I'm currently reading the book Brownian Motion by Mörters and Peres and on p. 39 the following situation comes up:
We have a Brownian Motion $B(t)$ and two intervals $[a_1,b_1]$ and $[a_2,b_2]$ where $b_1<a_2$. We define $m_1 = \max_{a_1\leq t \leq b_1}B(t)$ and $m_2 = \max_{a_2\leq t \leq b_2}B(t)$. It then follows that $B(a_2)-B(b_1)$, $m_1-B(b_1)$ and $m_2-B(a_2)$ are independent.
We wan't to show that $\mathbb{P}(m_1 = m_2) = 0$ and therefore they consider the event $$\{\omega:B(a_2)-B(b_1)= m_1-B(b_1)-(m_2-B(a_2))\}$$
They say that they condition on the values of the random variables $m_1-B(b_1)$ and $m_2-B(a_2)$ and that the output from the LHS is a continuous random variable while the RHS outputs a constant.

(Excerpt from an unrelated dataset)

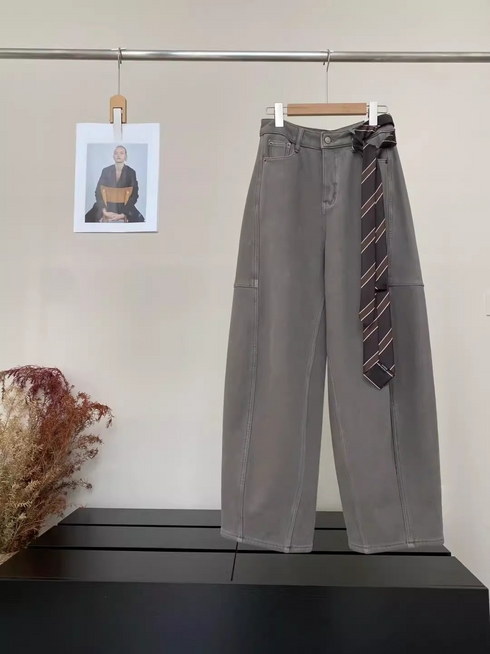 Women’s Fleece-Lined High-Waist Jeans | Unique Deconstructed Wide-Leg Denim Pants with Belt for Winter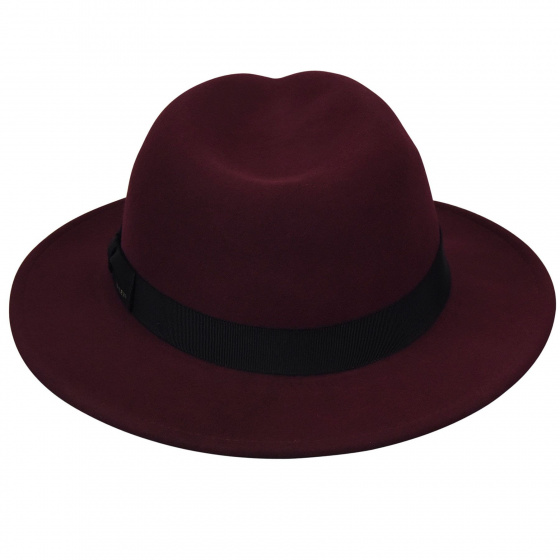 Curtis Fedora Felt Hat Burgundy - Bailey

I don't understand what they mean by conditioning in this case. What I've seen before is conditional expectation and I believe that $$\mathbb{E}[B(a_2)-B(b_1)\vert m_1-B(b_1)] = \mathbb{E}[B(a_2)-B(b_1)]$$ $$\mathbb{E}[m_1-B(b_1)-(m_2-B(a_2))\vert m_1-B(b_1)] =m_1-B(b_1)$$ holds by the independence however I don't see how this implies the above where they are dealing with a specific event.
Define $X=B(a_2)-B(b_1)$, $Y=m_1-B(b_1)$, $Z=m_2-B(a_2)$, and $m=m_2-m_1=X-Y+Z$. As noted, $X,Y,Z$ are mutually independent. Let $\mu$ be the distribution of $Y$ and $\nu$ the distribution of $Z$. Then, using the independence, because $m=X-Y+Z$, $$ P[m=0]=\int\int P[X-y+z=0]\mu(dy)\nu(dz).\qquad\qquad (1) $$ But the random variable $X$ has a continuous distribution, so $$ P[X=y-z]=0, $$ for each pair $(y,z)$. It follows that the integral on the right in (1) vanishes, hence so does the left; that is, $P[m=0]=0$.